[ACTIVITY]:
Exact copy, no pictures: repeat the data that follows.

[THE DATA]:
= Beginning of Section =
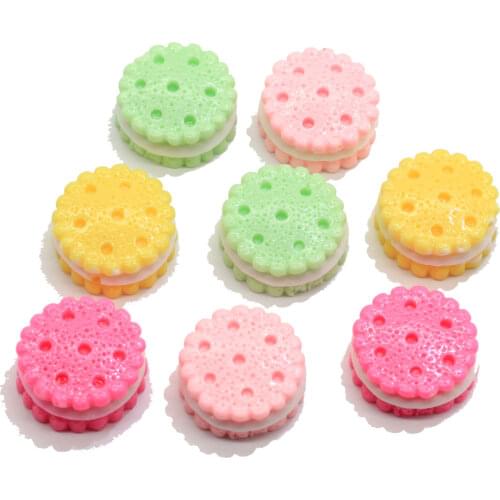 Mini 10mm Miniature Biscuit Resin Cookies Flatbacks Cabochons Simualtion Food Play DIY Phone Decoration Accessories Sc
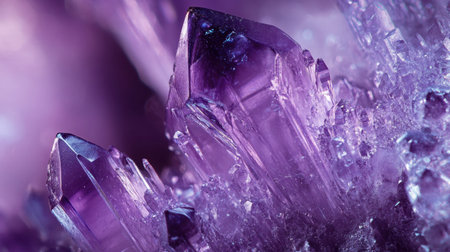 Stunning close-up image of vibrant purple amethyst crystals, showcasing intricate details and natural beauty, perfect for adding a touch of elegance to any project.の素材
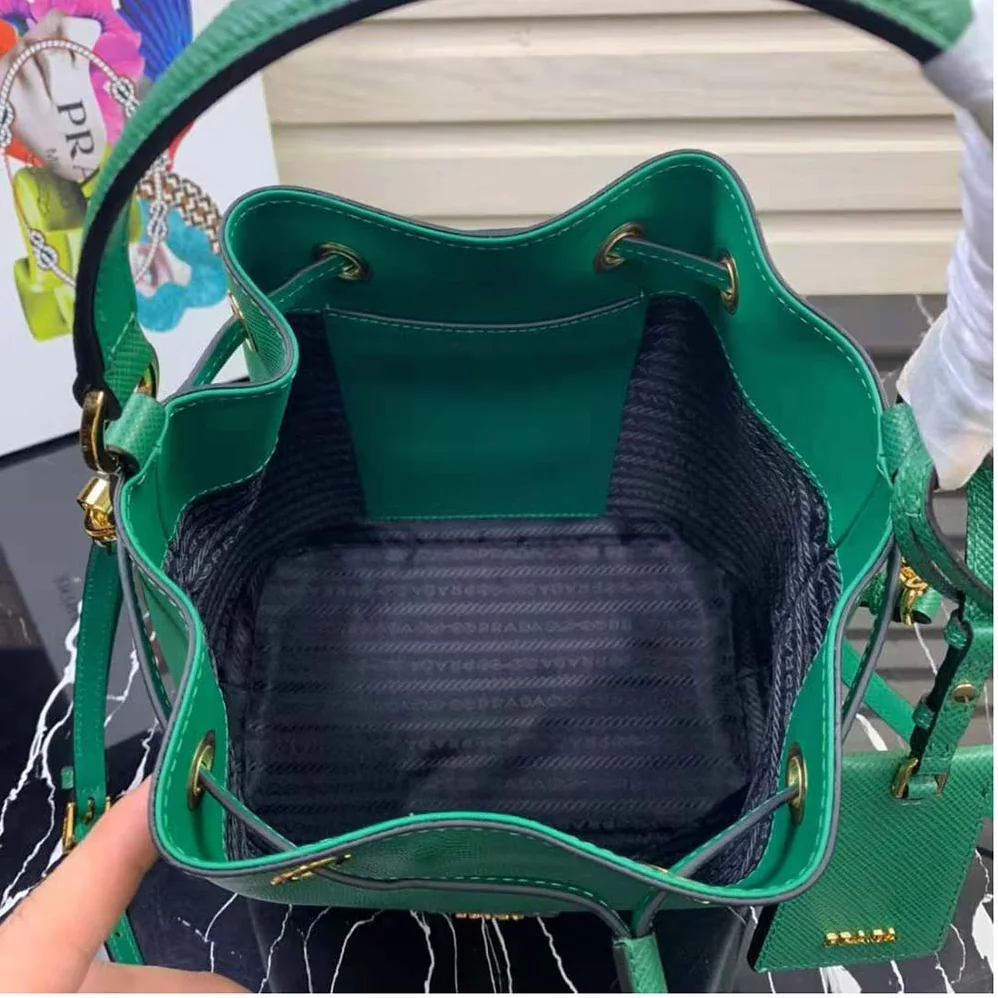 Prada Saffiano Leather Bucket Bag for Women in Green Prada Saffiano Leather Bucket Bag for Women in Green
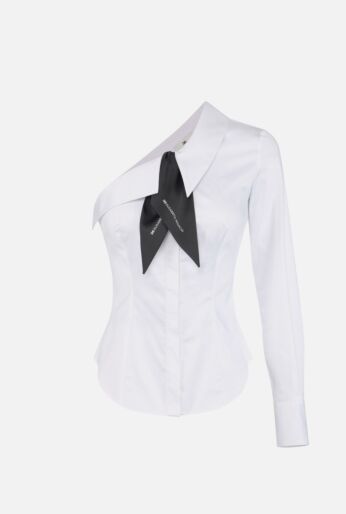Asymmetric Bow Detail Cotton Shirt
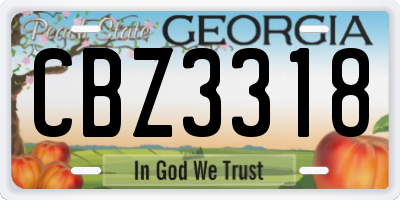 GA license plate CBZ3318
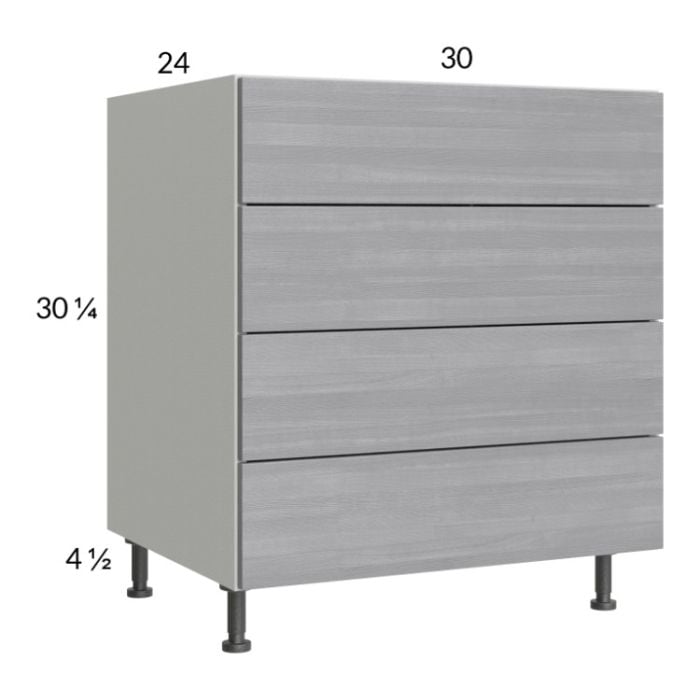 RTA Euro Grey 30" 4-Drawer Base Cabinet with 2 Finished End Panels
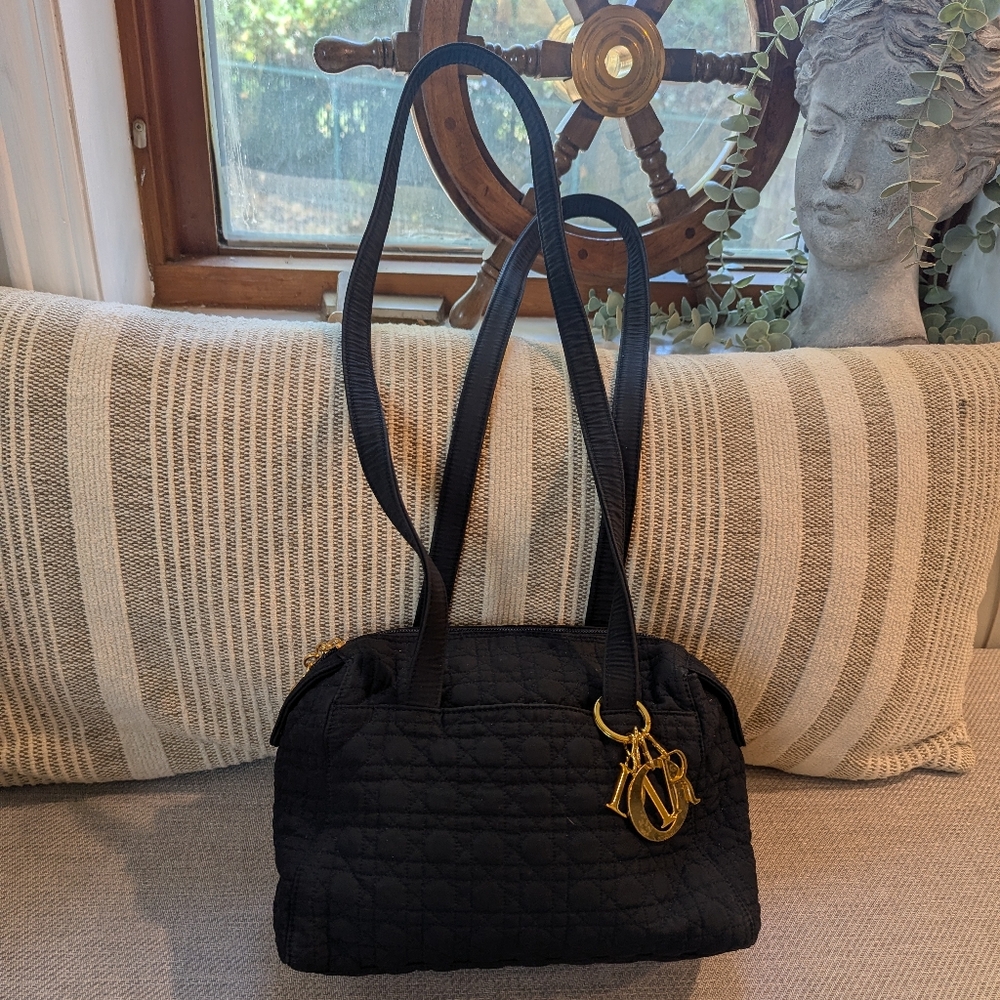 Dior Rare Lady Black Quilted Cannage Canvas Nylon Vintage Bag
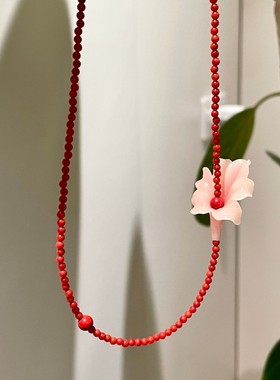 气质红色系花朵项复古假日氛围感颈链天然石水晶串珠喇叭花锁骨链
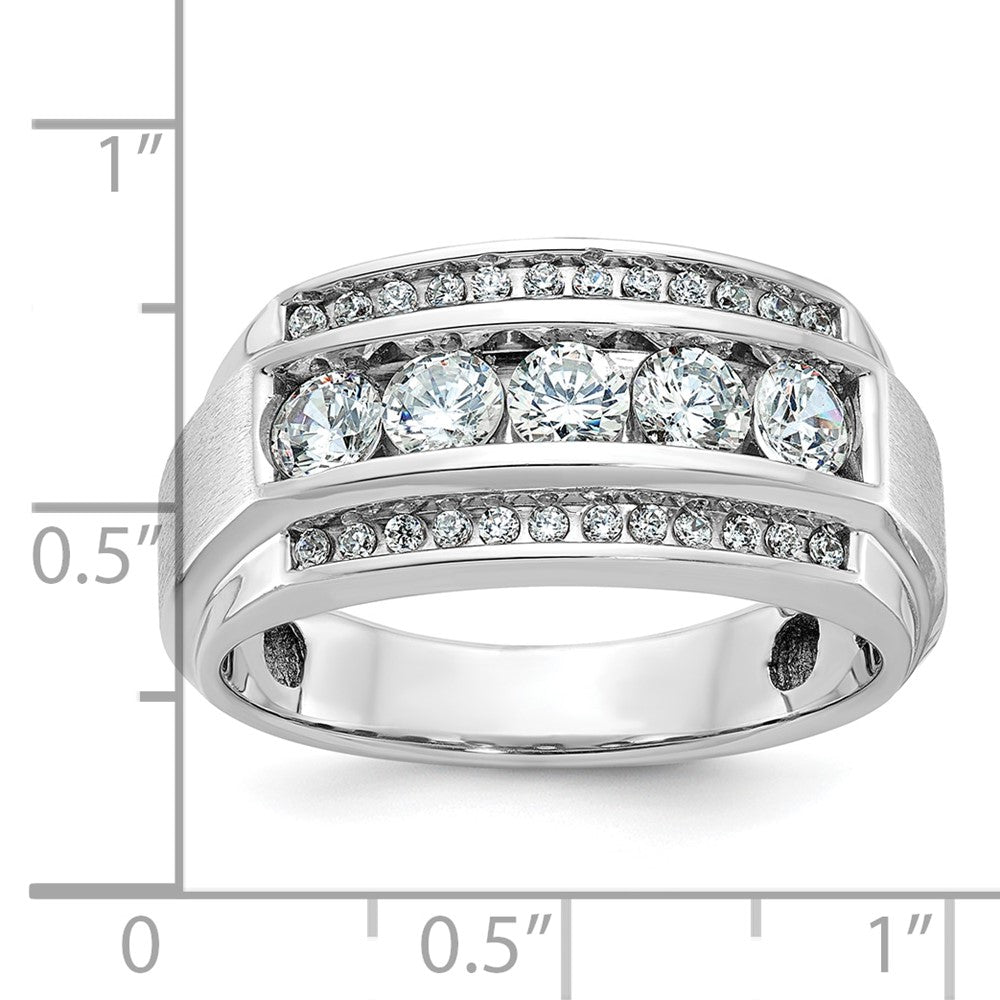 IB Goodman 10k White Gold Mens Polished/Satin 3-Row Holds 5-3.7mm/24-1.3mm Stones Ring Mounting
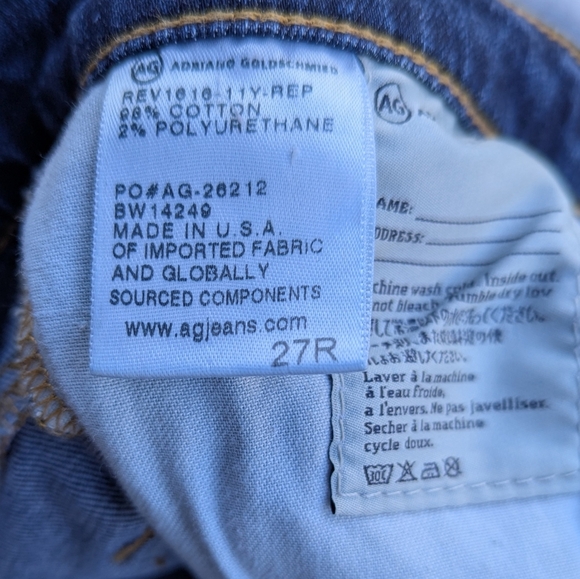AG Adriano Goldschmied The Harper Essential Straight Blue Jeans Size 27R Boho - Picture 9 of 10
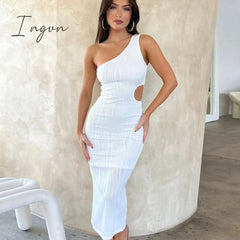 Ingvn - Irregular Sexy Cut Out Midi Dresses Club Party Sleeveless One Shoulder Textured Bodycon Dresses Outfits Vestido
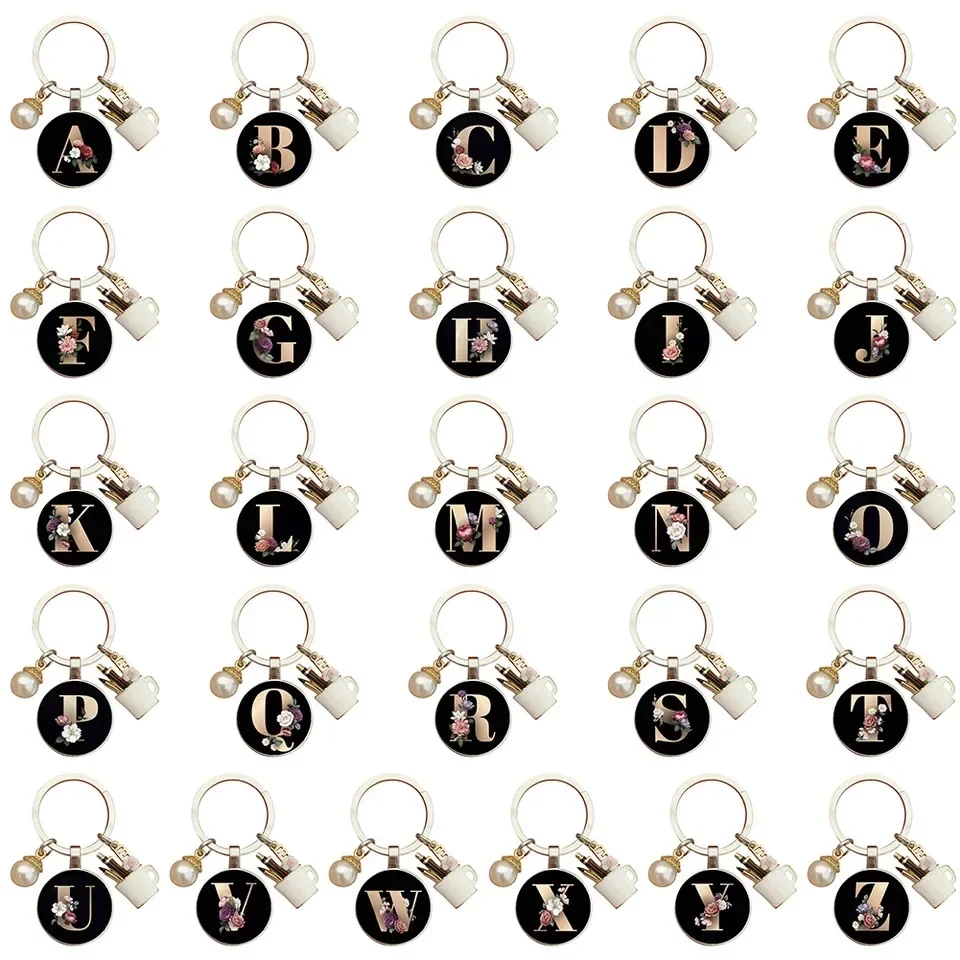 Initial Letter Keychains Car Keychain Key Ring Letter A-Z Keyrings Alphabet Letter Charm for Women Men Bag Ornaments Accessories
= End of Section =
[ANSWER SPACE]:
 Mini 10mm Miniature Biscuit Resin Cookies Flatbacks Cabochons Simualtion Food Play DIY Phone Decoration Accessories Sc
 Stunning close-up image of vibrant purple amethyst crystals, showcasing intricate details and natural beauty, perfect for adding a touch of elegance to any project.の素材
 Prada Saffiano Leather Bucket Bag for Women in Green Prada Saffiano Leather Bucket Bag for Women in Green
Asymmetric Bow Detail Cotton Shirt
 GA license plate CBZ3318
 RTA Euro Grey 30" 4-Drawer Base Cabinet with 2 Finished End Panels
 Dior Rare Lady Black Quilted Cannage Canvas Nylon Vintage Bag
 气质红色系花朵项复古假日氛围感颈链天然石水晶串珠喇叭花锁骨链
 IB Goodman 10k White Gold Mens Polished/Satin 3-Row Holds 5-3.7mm/24-1.3mm Stones Ring Mounting
AG Adriano Goldschmied The Harper Essential Straight Blue Jeans Size 27R Boho - Picture 9 of 10
 Ingvn - Irregular Sexy Cut Out Midi Dresses Club Party Sleeveless One Shoulder Textured Bodycon Dresses Outfits Vestido
 Initial Letter Keychains Car Keychain Key Ring Letter A-Z Keyrings Alphabet Letter Charm for Women Men Bag Ornaments Accessories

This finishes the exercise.